10 February 2013

Review: "Bedlam" by Christopher Brookmyre


I have a feeling this is going to divide Brookmyre's fans (again).

It's a full blooded science fiction story, akin to last book but two Pandaemonium rather than the more recent "straight" crime fiction.  Indeed, there's a case for saying that in narrative terms, this book picks up almost where Pandaemonium left off - with a character flung unexpectedly form this world into another reality, albeit that of a violent video game rather than a violent parallel universe.

So begins a breakneck narrative as Ross, a browbeaten Scottish techie with a Dilbertish outlook, tries to find out what has happened and how he can get back to familiar, damp Stirling and his girlfriend Carol. He soon discovers that there's more going on than a simple brain scanner accident, and that events inside and outside the game are threatening its reality: a Corruption is spreading...

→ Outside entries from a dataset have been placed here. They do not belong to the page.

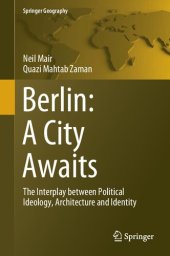 book Berlin: A City Awaits: The Interplay Between Political Ideology, Architecture and Identity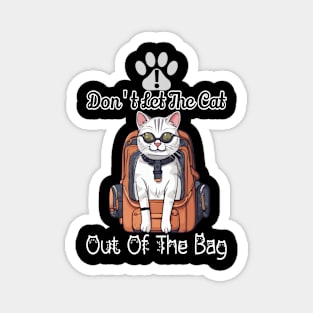 Don't let the cat out of the bag Magnet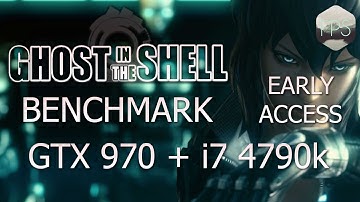 Ghost in the Shell - First Assault | GTX 970 + i7 4790K | Benchmark (1080p60fps)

It is an exciting story, interspersing chases, combat, philosophy (are we all in a simulation?) and ethical debate (if the simulated inhabitants of a game are sophisticated enough, does that make them human? If so, what rights should they have?) The plot is intricate and, for the first half of the book, pretty baffling, turning on a few unexpected reveals which it would spoil to say much more about. But everything does become clear in the end (perhaps there is a bit too much exposition in the final 20 pages or so) and - no surprise - it turns out to have been very deftly put together.

I enjoyed this book. Brookmyre shows his knowledge of 80s and 90s video games, moving Ross through a succession of different game milieux from first person shooters to platform games to a warped version of The Sims - yet as a non-gamer I never felt left out of baffled. (If I were "Daily Mail" reader, I might have felt got at by one section...)

Philosophically, it felt as though he was joining in an ongoing discussion among Scottish based SF writers about the "simulation hypothesis" and its consequences, coming after books such as Ken MacLeod's The Restoration Game and Charles Stross's The Rapture of the Nerds.

In a postscript, Brookmyre hopes readers will find this venture into SF proper worthwhile - so do I, because it would be a shame if there were no more like this.